Five years later, over four thousand brave American lives lost, with thousands of lives ruined by combat injuries on our side—sixty thousand Iraqis’ deaths and four million exiles on the Iraqi side—we are facing the biggest conundrum in the Middle East: what next? Fortunately for Mr. Bush, he will leave office before the final decision on Iraq is made. Unfortunately, for all the harm he has caused, he will never be tried as a war criminal—all the while Bin Laden is still free and America is not any safer. Hopefully the next White House occupant will change course.
Five years of war combined with the worst tax policies turned a 200 billion surplus inherited from the Clinton administration into a trillion dollar deficit. In the process, Mr. Bush, helped by his choice of Fed Chairman, has created the worst economic crisis since the 1929 depression.
The unproven Bernanke, overreacted to the Bush economic policies—tax cuts for the rich, the largest expansion of the federal government since the 1965 Social Security Act, subprime crises—and started an aggressive interest rate cut. He gave the blessing to the Bear Stearns demise and takeover. He started printing money to cover the credit crunch—all of which has devaluated the dollar to a point where commodities like food and petroleum have risen to unprecedented levels creating inflation. Unfortunately now we are in a vicious cycle.
Ever since the Fed began its rapid interest rate cuts last September, the danger has been that it would lose its inflation-fighting credibility. One expression of that would be investors dumping the dollar in order to protect the purchasing power of their money. That has been largely avoided, but the weak dollar has contributed to inflation, not least through the oil price. The employment report was the second blow for the dollar this week. On Thursday, the European Central Bank strongly indicated it would raise rates this summer owing to inflation worries, triggering fresh dollar selling and higher oil prices.
The employment data is of particular significance at present.
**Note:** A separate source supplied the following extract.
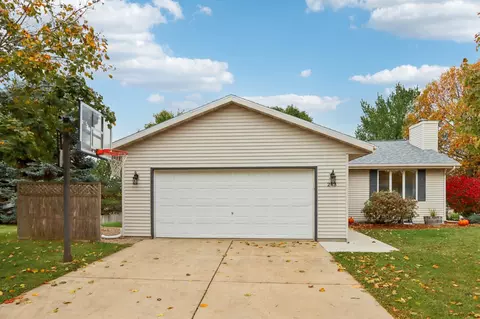 243 Crestview Ln, Lake Mills, WI 53551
Personal savings are almost exhausted in the US and credit availability is much reduced with the result that consumers, and the broader economy, are more dependent than ever on their pay checks.
James Knightley, at ING, said: “This is bad news for the household sector which is already having to cope with negative real wage growth, falling house prices and more expensive borrowing. This will continue to depress consumer spending and will keep activity depressed for longer than financial markets are currently discounting.”
“I’ve been convinced that the unemployment rate was headed toward 6 per cent but I didn’t expect to get half way there in one day,” said Jay Mueller, economist at Wells Fargo. “The Fed does not tighten when the unemployment rate is rising. A 2 per cent Fed Funds rate may prevail for quite some time.”
Despite their sugarcoating of our economy at the beginning of the year, both Bernanke and Bush have finally conceded that the nation could wallow in a recession for much of the year. I suggest that we are beyond recession and going straight to stagflation.
Yes, Stagflation.
Stagflation is a combination of stagnation and inflation, and is a term in general use within modern macroeconomics to describe a period of out-of-control price inflation combined with slow-to-no output growth, rising unemployment, and eventually recession. The term stagflation is generally attributed to United Kingdom Chancellor of the Exchequer, Iain MacLeod in a speech to parliament in 1965.
Stagflation becomes a dilemma for monetary policy when policies usually used to increase economic growth will further increase runaway inflation while policies used to fight inflation will further the decline of an already-declining economy. For example, the Central Banks of the world have been printing money to the tune of billions of dollars to ease the credit crunch of local banks—a move that causes inflation in itself—to try to prevent lowering the lending rates. Unfortunately today’s weak jobs data, the weak dollar, the trade and budgetary deficits, and the subprime crisis are so out of control that the Fed has become ineffective.